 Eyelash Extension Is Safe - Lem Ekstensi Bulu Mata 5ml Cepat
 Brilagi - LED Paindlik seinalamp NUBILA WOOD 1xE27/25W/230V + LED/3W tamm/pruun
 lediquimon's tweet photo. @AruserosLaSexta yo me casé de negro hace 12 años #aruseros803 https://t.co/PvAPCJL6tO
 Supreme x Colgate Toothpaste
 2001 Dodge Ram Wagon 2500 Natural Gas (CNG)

————

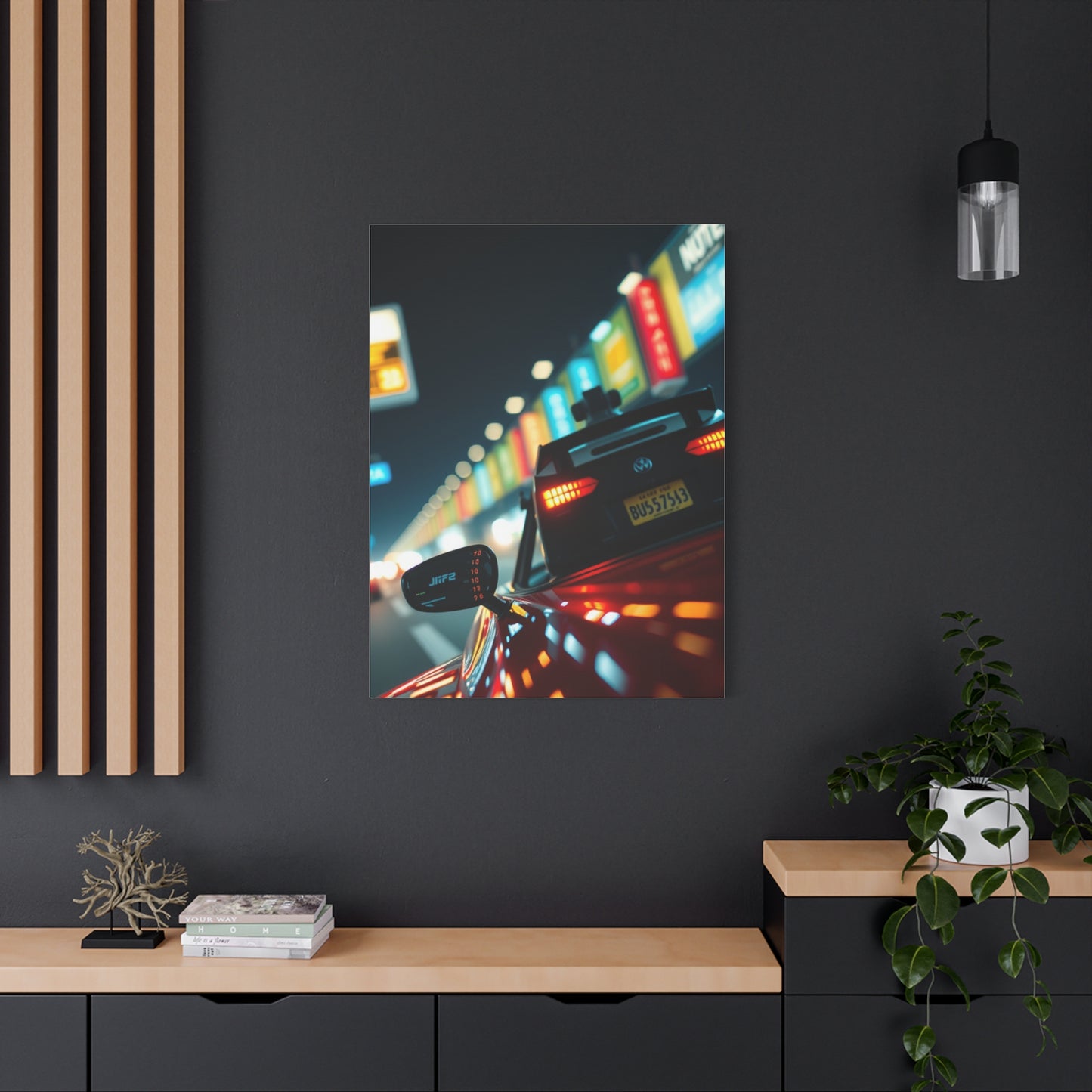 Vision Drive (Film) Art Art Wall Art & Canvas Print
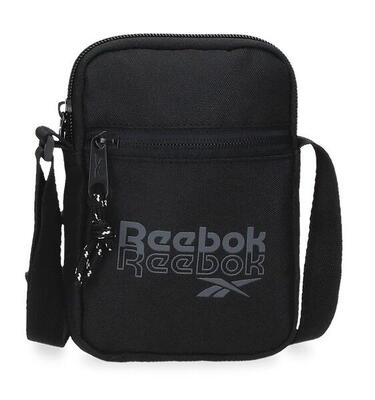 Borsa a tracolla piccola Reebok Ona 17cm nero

————

§ **Exercise aim**: Print the lines above from the one with "Brilagi - LED" through the one with "2001 Dodge Ram Wagon 2500 Natural Gas (CNG)", both included, exactly as written and nothing more.

§ **Task output**:
 Brilagi - LED Paindlik seinalamp NUBILA WOOD 1xE27/25W/230V + LED/3W tamm/pruun
 lediquimon's tweet photo. @AruserosLaSexta yo me casé de negro hace 12 años #aruseros803 https://t.co/PvAPCJL6tO
 Supreme x Colgate Toothpaste
 2001 Dodge Ram Wagon 2500 Natural Gas (CNG)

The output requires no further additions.